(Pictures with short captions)
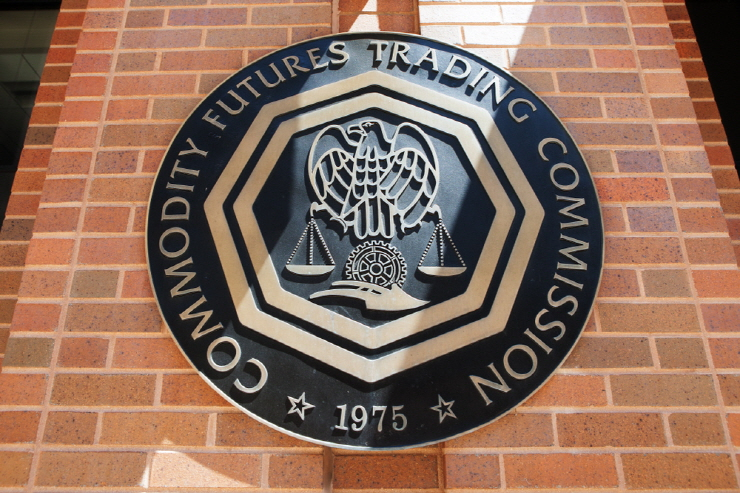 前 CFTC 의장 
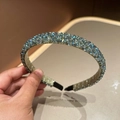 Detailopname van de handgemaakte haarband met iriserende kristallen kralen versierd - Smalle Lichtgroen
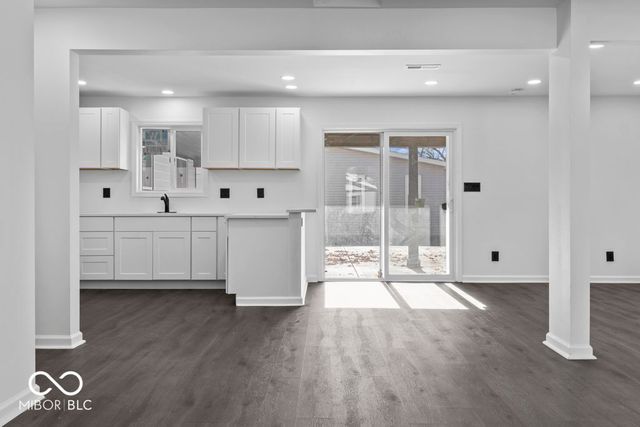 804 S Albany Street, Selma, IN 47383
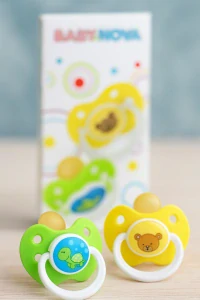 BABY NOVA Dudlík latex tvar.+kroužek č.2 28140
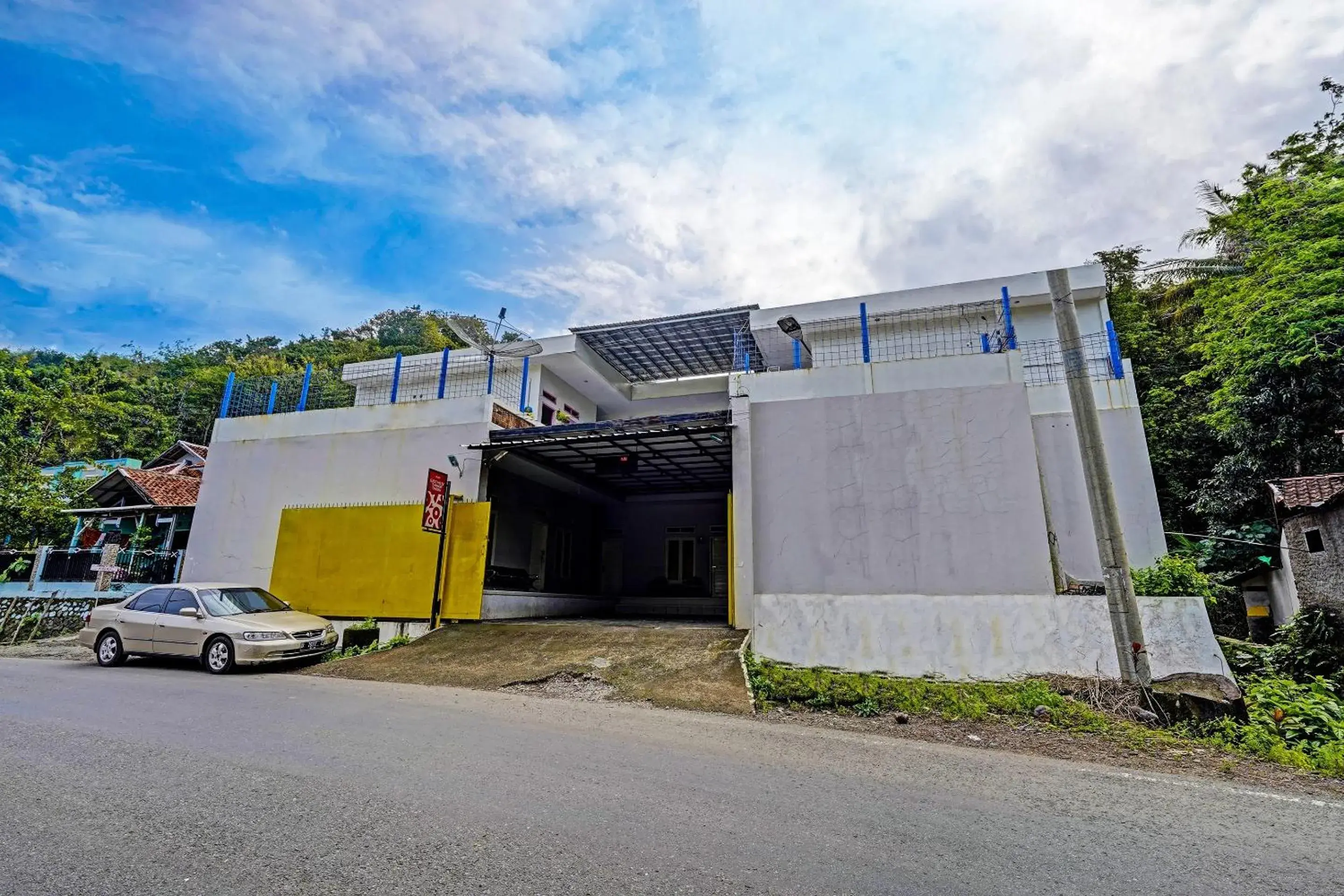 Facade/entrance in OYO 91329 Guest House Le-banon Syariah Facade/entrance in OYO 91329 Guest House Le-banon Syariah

◆ **What is expected**: All entries above must be printed again verbatim, with images excluded.

◆ **Solution to the problem**:
 前 CFTC 의장 
 Detailopname van de handgemaakte haarband met iriserende kristallen kralen versierd - Smalle Lichtgroen
 804 S Albany Street, Selma, IN 47383
 BABY NOVA Dudlík latex tvar.+kroužek č.2 28140
 Facade/entrance in OYO 91329 Guest House Le-banon Syariah Facade/entrance in OYO 91329 Guest House Le-banon Syariah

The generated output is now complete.